Unlike me, she seem not at all excited when, in quick succession,   two loudly expostulating BELTED KINGFISHERS competed with a cackling GREEN HERON for the honor of noisiest fly-bys on the river.


I also got very distracted by my odd little friends, the AMERICAN COOTS.  I watched with amusement as one busy Coot plucked experimentally at a floating piece of vegetation that she had discovered, only to be visited by a perhaps curious or covetous cousin.  They seemed to discuss the situation, then the cousin left and the original Coot gave what I imagined was a big happy splash to think that she had her treat all to herself again.



6. Splash, it's mine!
Social coot in solitary enterprise. San Lorenzo River, November 26, 2018, Photo by B. Riverwoman

I was especially happy to count 8 PIED-BILLED GREBES, more than I have ever counted on one day.  Needless to say, they were all fishing quite separately, definitely not a flocking type.  And my wish came true when I found an OSPREY holding court from the top branches of that tall sycamore at your end of the river, Jane, her regular  throne, I believe.

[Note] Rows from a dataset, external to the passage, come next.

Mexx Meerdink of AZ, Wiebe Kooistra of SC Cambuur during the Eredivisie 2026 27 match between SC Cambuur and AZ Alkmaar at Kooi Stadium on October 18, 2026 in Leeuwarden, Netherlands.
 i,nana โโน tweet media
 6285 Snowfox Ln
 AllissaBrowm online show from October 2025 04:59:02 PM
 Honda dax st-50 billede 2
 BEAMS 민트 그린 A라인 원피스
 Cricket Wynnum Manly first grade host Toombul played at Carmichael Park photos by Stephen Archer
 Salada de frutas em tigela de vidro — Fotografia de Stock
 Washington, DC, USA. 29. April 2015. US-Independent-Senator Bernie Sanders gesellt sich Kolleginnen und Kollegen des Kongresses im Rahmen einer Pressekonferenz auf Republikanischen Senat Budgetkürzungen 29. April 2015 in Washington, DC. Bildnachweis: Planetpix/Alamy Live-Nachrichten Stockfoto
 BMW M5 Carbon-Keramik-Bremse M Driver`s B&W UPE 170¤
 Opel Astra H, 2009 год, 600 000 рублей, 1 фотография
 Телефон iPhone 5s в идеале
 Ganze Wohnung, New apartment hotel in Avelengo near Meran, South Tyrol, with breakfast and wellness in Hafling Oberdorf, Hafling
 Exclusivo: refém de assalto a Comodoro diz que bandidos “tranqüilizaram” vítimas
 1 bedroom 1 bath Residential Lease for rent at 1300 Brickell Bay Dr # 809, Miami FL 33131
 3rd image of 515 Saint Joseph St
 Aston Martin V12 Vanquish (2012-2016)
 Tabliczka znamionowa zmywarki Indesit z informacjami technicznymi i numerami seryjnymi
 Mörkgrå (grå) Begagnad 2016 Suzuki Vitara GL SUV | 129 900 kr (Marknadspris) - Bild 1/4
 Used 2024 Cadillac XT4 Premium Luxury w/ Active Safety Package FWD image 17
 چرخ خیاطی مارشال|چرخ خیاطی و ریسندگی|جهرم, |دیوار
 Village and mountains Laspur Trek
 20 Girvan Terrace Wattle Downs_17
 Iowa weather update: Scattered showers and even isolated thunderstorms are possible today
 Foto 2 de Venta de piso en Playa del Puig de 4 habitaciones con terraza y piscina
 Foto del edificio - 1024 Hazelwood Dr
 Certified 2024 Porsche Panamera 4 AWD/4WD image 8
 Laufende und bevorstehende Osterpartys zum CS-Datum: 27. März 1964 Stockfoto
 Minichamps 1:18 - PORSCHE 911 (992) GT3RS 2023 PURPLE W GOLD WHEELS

In all I spotted 26 species in my two-hour walk. Click here for the list. What an avian feast.  And unlike my earlier Thanksgiving feast (sans turkey) it didn’t make me fat!  Just very happy!

And speaking of Thanksgiving, I am filled with gratitude that Santa Cruz has chosen Justin Cummings, a person with deep environmental values, as one of the three new city councilperson.  The second top vote-getter, Donna Meyers, also has an impressive record over the years of serving in various  capacities related to the protection of the environment, but  I worry that she may not be able to withstand the powerful pressures of the real estate and development forces in town.  Drew Glover and Greg Larson are now third and fourth for the three available seats, separated by only twenty votes as I write this.  A real nail biter!  Drew will be strong on the environment as well as most social justice issues I care about, and I am rooting for him.  One oddity of the campaign, overlooked by most, is that David Yarnold, the  CEO and president of   the National Audubon Society, was on the long list of endorsers for Greg Larson.  What, I wonder, is that connection?  If Larson is elected, I hope to ask him about that!

I attended an absolutely wonderful Bird Club event two weeks ago that had me sitting on the edge of my seat during the whole brilliant presentation.

GCSP dominatn
Dominant Golden-crowned Sparrow (Google image)

The speaker was Theodora Block, a member of a research team at the UCSC Arboretum who has been studying the behaviors of GOLDEN-CROWNED SPARROWS for the last six years.  She is continuing the work of the lead researcher Bruce Lyons, who has been studying this species for 20 years!  What a wealth of information.

The focus of her talk was how the size and intensity of gold color on the head of this migratory species is a signal of each bird’s place in a dominance hierarchy. A bird with the brightest and largest patch of gold places him or her at the top of the hierarchy.   Just below the top bird in terms of status is the the bird with the strongest side patches of black, a bird who is still not fully established in the chain of command and thus is still quite aggressive.

GCSP lower
Less dominant Golden-crowned Sparrow (Google image)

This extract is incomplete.